Be specific. The nervous system learns through specificity.


Part 2: Find the Root

Difficulty saying no is rarely about the current request. It is usually about attachment, identity, or safety.

Step 3 — Identify the Fear Beneath It

Complete the sentence:

“If I say no, then ______.”

Examples:

  • They’ll think I’m selfish.
  • I’ll disappoint them.
  • I’ll lose connection.
  • I won’t be needed.
  • I’ll be rejected.

Now go deeper:

“And if that happens, then ______.”

Keep going until you hit a core fear (abandonment, shame, not being good enough, being unloved).


Step 4 — Trace It Back

When did you first learn that saying no was unsafe?

  • In your family growing up, what happened when someone said no?
  • Who modeled over-giving?
  • Were love and approval conditional?
  • Did you receive praise for being “easy,” “helpful,” “strong,” or “low maintenance”?

Write the earliest memory that feels similar to this pattern.

Patterns are adaptive strategies. At one time, saying yes likely protected connection.


Part 3: Identity Shift

Step 5 — Separate Then vs. Now

Then (childhood/adolescence):

  • Saying yes kept me safe by…

Now (adult self):

  • I am no longer dependent on that dynamic because…
  • I now have the capacity to tolerate…

This step builds prefrontal clarity over amygdala fear.


Step 6 — Define Your Boundary Identity

Complete:

“I am becoming someone who ______.”

Examples:

  • honours her energy.
  • values her time.
  • chooses alignment over approval.
  • tolerates temporary discomfort for long-term integrity.

Repeat it aloud. Identity precedes behavior.


Part 4: Nervous System Repatterning

Step 7 — Practice a Regulated No

Write a clean boundary:

  • “I’m not available for that.”
  • “That doesn’t work for me.”
  • “I won’t be able to commit to that.”

Notice:

  • What happens in your body?
  • Where do you feel contraction?
  • Rate discomfort 0–10.

Stay with the sensation for 60–90 seconds. Breathe slowly.
Discomfort is not danger.
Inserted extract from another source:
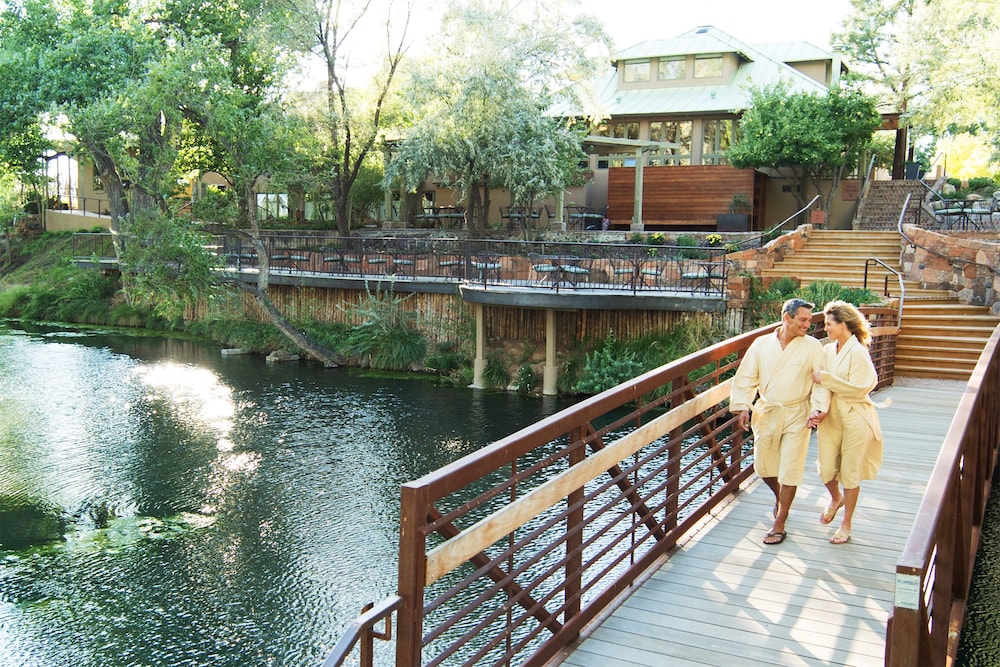Ojo Santa Fe Spa Resort 92/100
It is recalibration.

Focus on the discomfort, rate it 0-10 and tap as below on the acupressure points, saying the statements in the diagram and the “clean boundary words”.

Then go to a happy memory in your mind.

Then rate the discomfort again. Keep repeating till it reduces.

Now tap in your new future: “It’s safe to say no to others. It’s safe to say yes to me. I’m ready to put myself first.”


Step 8 — Graduated Exposure

Start small. Choose one low-risk situation this week to say no.

Plan it:

  • Who:
  • What:
  • Exact words you will use:
  • Self-regulation strategy beforehand (breathing, grounding, walking):

Afterward, reflect:

  • What actually happened?
  • Was the feared outcome accurate?
  • What did you learn?

Part 5: Integration

Final Reflection

Answer:

  1. My difficulty saying no is rooted in…
  2. The core fear driving it is…
  3. The cost of continuing this pattern is…
  4. The benefit of changing it is…
  5. One boundary I will implement immediately is…

Closing Reframe

Saying no does not threaten healthy attachment.
It filters for it.

Boundaries are not walls.
They are instructions for how to remain in relationship without abandoning yourself.

Change begins when you recognize that over-functioning is not generosity — it is survival.

You are no longer required to survive that way.

CONGRATULATIONS, YOU ARE WELL ON YOUR WAY!